Problem to work on:
Write out every line of the material as it stands, apart from the pictures.

** Information shown follows **

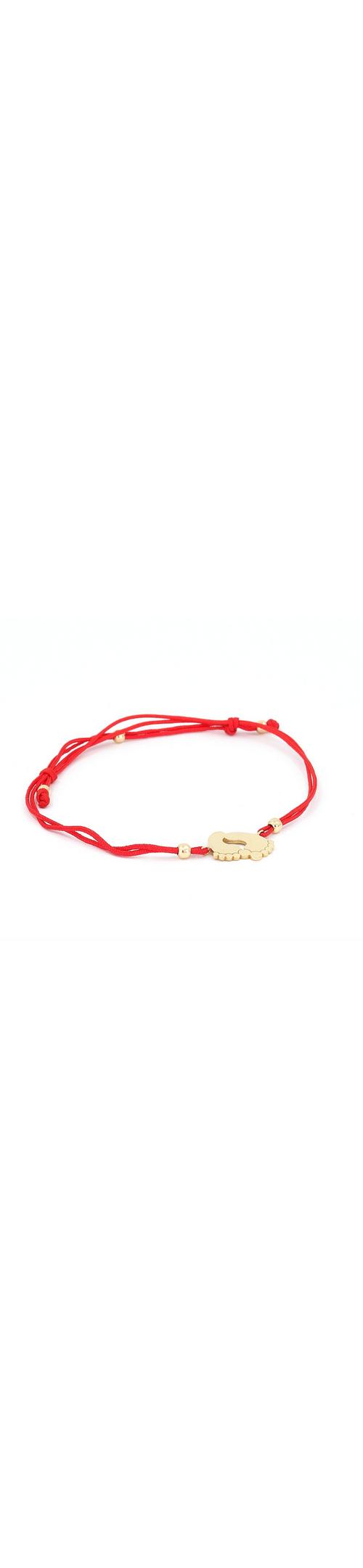 Red cord bracelet with 14K yellow gold baby feet charm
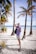 a man standing on a beach next to palm trees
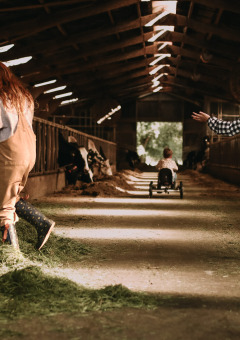 Niños juegan en un granero con heno fresco en Feather Down Hoeve De Pippert, parque vacacional en Gelderland, Países Bajos.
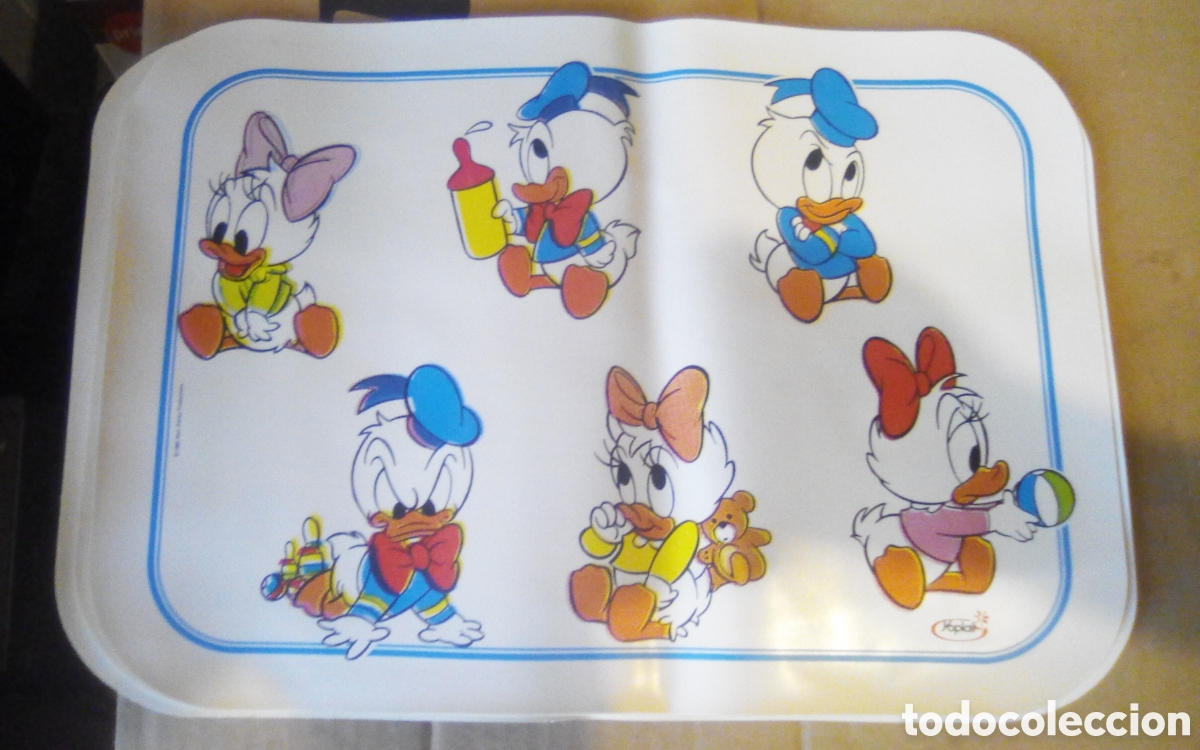 Coleccionismo: Donald y Daisy de ni&ntilde;os. Salvamanteles Disney - Yoplait. &copy; 1985. Mide 38,5 x 27 cm., pl&aacute;stico.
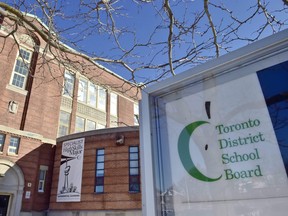 A Toronto District School Board sign is shown in front of a high school in Toronto on Tuesday, Jan. 30, 2018.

** End of Information shown **

Result:
 Red cord bracelet with 14K yellow gold baby feet charm
 a man standing on a beach next to palm trees
 Niños juegan en un granero con heno fresco en Feather Down Hoeve De Pippert, parque vacacional en Gelderland, Países Bajos.
 Coleccionismo: Donald y Daisy de ni&ntilde;os. Salvamanteles Disney - Yoplait. &copy; 1985. Mide 38,5 x 27 cm., pl&aacute;stico.
 A Toronto District School Board sign is shown in front of a high school in Toronto on Tuesday, Jan. 30, 2018.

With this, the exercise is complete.